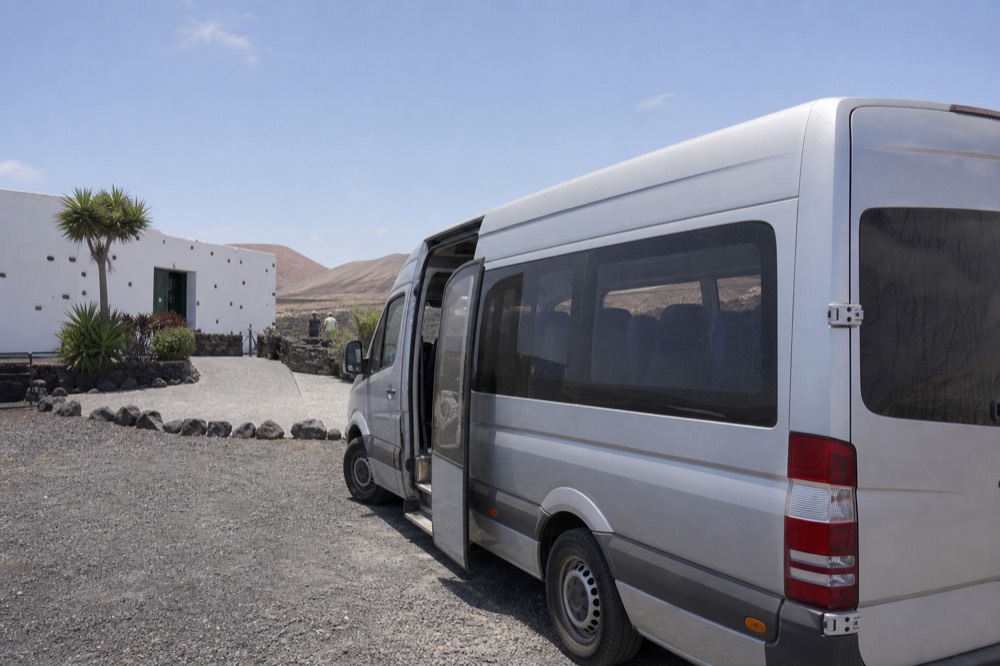 Minibus parked outside a whitewashed bodega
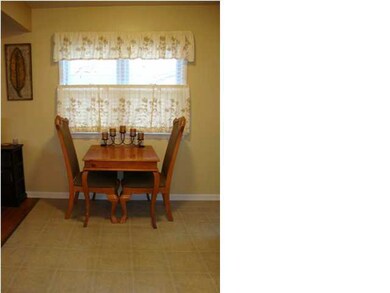 Eating space in kitchen with custom wood blinds on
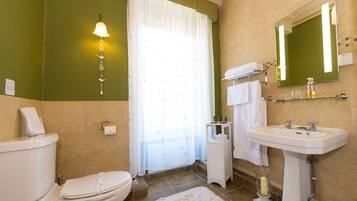 A bathroom with a toilet, sink, and shower curtain.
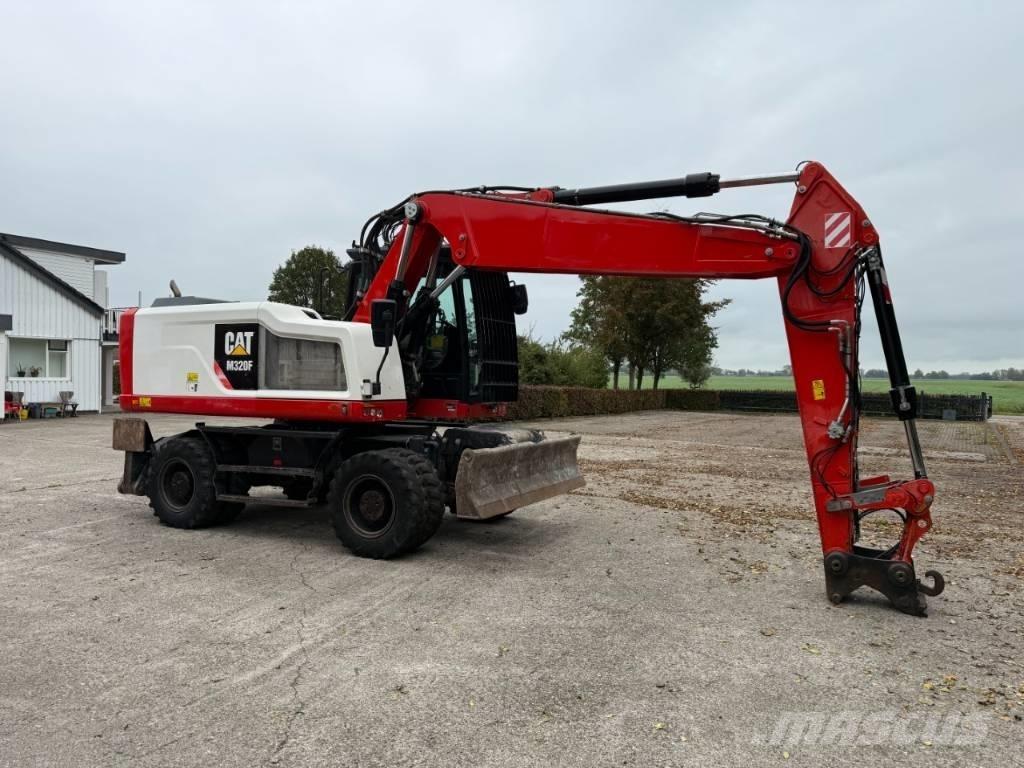CAT M320F حفارات بعجل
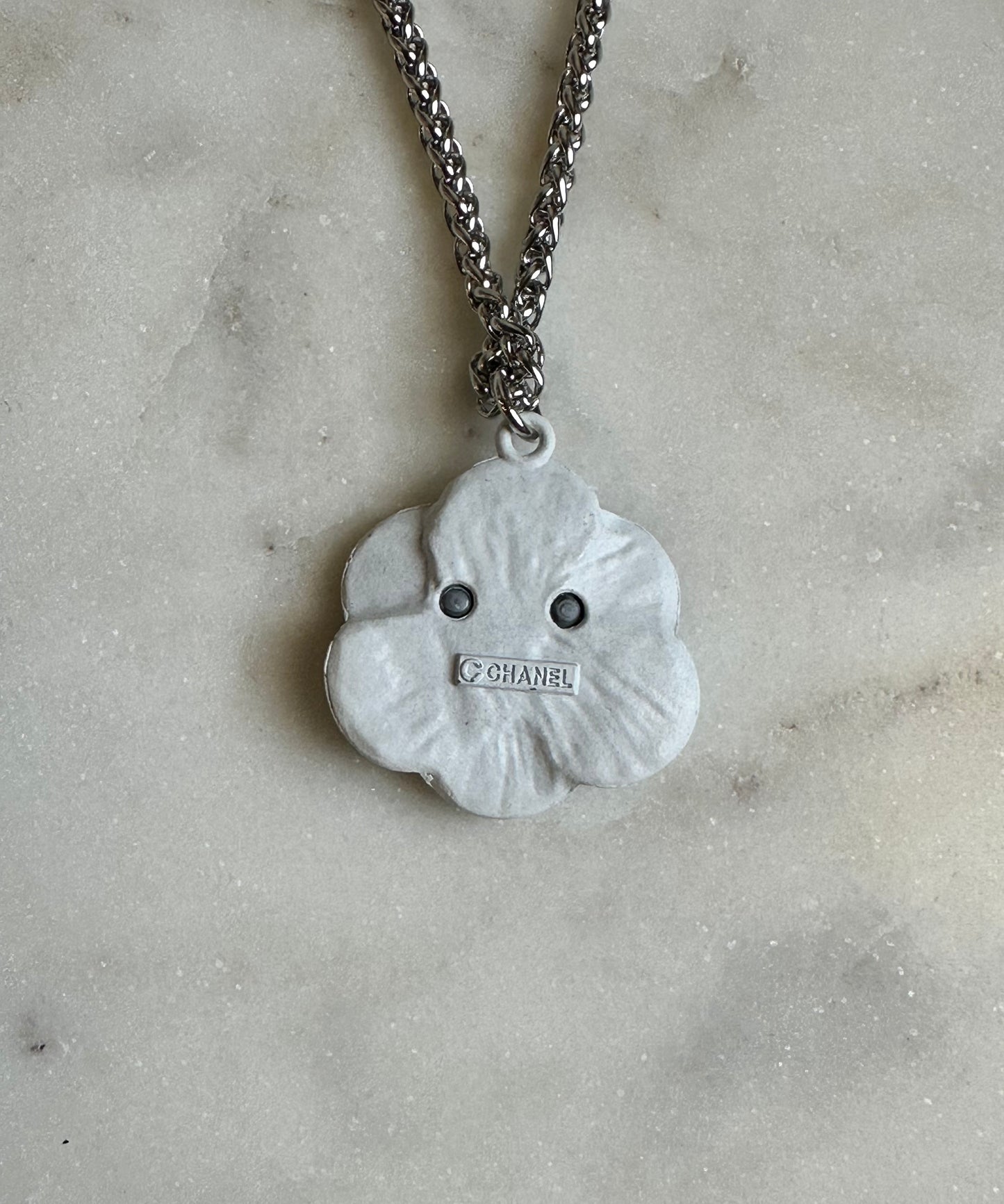 CC black and white camellia necklace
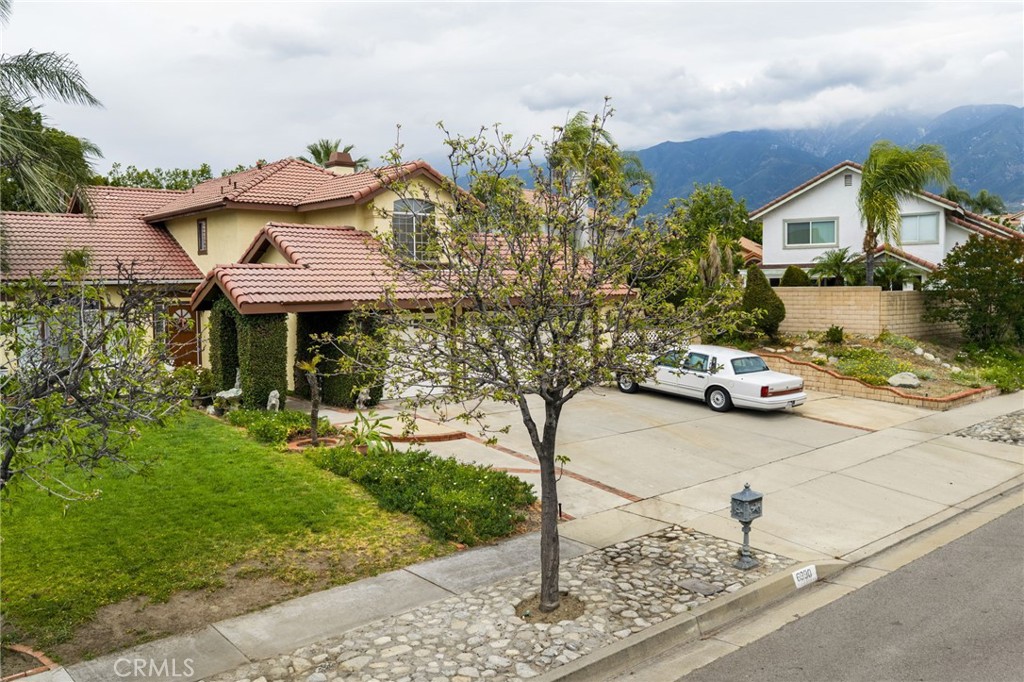 6990 Stanislaus Place Rancho Cucamonga, CA 91701 - Photo 2 of 25 a front view of a house with garden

Assignment: Produce an exact copy of only those lines that run from the line with "A bathroom with" to the final line of the records, including both; exclude images.

Solution for this problem:
 A bathroom with a toilet, sink, and shower curtain.
CAT M320F حفارات بعجل
 CC black and white camellia necklace
 6990 Stanislaus Place Rancho Cucamonga, CA 91701 - Photo 2 of 25 a front view of a house with garden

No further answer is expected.